Fred Bandel was an NHL scout for 25 years until recently and also signed an affidavit explaining the importance of players being able to compete in the state tournament and further their plying careers. He said the tournament “presents an exceptional opportunity to see some of the top draft eligible high school prospects against top competition in a high-stakes, high pressure environment. This is an extremely important evaluation as this high-level game play and pressure is not always present during the course of the regular or conference season as there is a wide disparity among high school teams, often leading to non-competitive games. The Minnesota State High School Hockey Tournament offers a better evaluation of prospects as both the competition level and stakes tend to be considerably higher allowing for a truer platform for which to evaluate prospects prior to the NHL draft in late June. Without intervention from this Court, these high school boys will be unfairly denied an opportunity to play in the State Hockey Tournament, which is an opportunity they have trained for and dreamed about their entire lives.”
The complaint argues that the MSHSL’s Covid-19 guidelines are overly “harsh, strict, and are not the least restrictive means to prevent the spread of COVID-19 in the instant case.”
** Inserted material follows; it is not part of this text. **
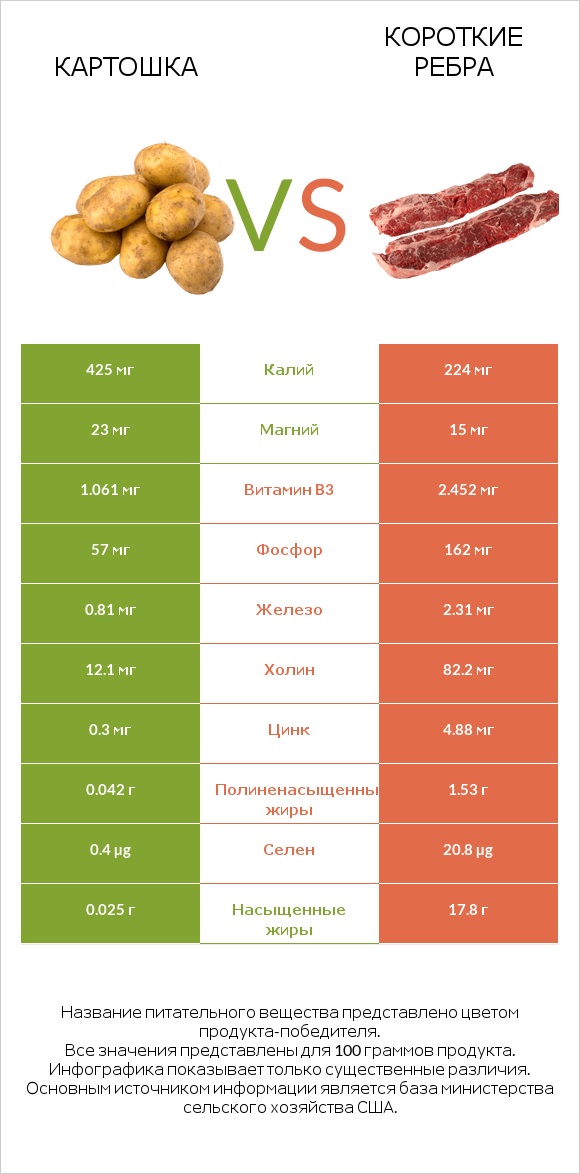 Картошка vs Короткие ребра infographic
The complaint states that while the plantiffs appreciate the MSHSL’s efforts to stop the spread of Covid-19, that allowing Hill-Murray to reschedule the game to Thursday complies with the guidance to slow the spread.
The complaint ultimately requests the court enjoin the MSHSL from preventing the players from competing in the state hockey tournament.
This story is ongoing and will be updated once more is known or a decision is made.